▶ [Supplied material]
───
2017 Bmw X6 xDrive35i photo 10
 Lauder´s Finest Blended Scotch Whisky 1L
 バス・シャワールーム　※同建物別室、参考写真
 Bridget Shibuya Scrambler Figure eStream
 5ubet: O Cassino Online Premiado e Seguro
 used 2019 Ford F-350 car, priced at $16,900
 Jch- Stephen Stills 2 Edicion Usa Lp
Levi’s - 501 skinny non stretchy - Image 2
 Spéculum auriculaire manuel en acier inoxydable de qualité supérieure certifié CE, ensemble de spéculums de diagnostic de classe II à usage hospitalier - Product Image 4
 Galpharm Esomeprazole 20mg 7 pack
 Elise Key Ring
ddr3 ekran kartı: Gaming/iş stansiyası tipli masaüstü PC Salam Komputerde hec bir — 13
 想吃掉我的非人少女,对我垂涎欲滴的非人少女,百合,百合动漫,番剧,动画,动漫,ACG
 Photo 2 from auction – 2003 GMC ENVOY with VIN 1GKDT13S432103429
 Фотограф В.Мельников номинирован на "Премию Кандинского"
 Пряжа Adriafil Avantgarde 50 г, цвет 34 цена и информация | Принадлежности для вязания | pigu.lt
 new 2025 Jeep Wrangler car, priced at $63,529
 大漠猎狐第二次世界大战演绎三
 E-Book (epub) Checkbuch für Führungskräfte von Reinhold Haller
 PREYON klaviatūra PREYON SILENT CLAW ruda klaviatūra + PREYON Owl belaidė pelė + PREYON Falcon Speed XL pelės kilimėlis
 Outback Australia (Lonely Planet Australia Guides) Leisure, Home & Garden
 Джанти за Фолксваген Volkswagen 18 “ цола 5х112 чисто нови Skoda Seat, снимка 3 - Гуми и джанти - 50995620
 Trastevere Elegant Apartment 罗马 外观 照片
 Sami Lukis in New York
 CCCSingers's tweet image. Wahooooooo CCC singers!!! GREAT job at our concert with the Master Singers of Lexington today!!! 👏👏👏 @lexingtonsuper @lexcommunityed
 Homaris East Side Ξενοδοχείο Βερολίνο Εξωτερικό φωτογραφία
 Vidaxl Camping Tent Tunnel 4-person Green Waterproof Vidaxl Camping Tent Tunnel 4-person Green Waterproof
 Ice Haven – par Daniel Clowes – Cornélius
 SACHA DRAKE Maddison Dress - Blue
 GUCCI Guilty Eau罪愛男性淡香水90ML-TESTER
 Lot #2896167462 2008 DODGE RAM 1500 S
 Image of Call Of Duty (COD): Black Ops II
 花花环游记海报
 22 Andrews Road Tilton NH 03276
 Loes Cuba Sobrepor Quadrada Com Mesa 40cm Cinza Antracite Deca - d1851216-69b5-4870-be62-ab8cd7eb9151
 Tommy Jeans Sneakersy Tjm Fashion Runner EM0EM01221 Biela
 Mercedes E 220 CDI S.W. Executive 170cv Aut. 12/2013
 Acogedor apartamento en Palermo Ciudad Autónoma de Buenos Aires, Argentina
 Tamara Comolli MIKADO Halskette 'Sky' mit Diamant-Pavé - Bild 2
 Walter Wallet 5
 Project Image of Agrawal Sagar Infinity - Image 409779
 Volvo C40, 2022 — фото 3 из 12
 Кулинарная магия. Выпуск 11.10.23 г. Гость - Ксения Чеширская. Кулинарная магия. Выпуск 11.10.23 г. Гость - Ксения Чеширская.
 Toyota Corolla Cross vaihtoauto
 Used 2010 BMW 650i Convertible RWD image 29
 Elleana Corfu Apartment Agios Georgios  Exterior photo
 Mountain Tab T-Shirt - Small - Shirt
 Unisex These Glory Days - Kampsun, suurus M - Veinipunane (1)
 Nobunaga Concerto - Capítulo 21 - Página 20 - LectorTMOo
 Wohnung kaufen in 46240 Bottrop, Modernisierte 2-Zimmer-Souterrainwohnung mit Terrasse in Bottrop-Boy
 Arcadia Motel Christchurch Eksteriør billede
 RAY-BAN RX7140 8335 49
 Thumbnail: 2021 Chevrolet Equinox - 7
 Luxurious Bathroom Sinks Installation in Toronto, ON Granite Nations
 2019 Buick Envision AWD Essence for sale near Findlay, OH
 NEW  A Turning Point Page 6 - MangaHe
───
▶ [Work request]
Extract, verbatim, the lines from the one containing "Thumbnail: 2021 Chevrolet Equinox - 7" through the last line of the listing above.

▶ [Solution for this exercise]
 Thumbnail: 2021 Chevrolet Equinox - 7
 Luxurious Bathroom Sinks Installation in Toronto, ON Granite Nations
 2019 Buick Envision AWD Essence for sale near Findlay, OH
 NEW  A Turning Point Page 6 - MangaHe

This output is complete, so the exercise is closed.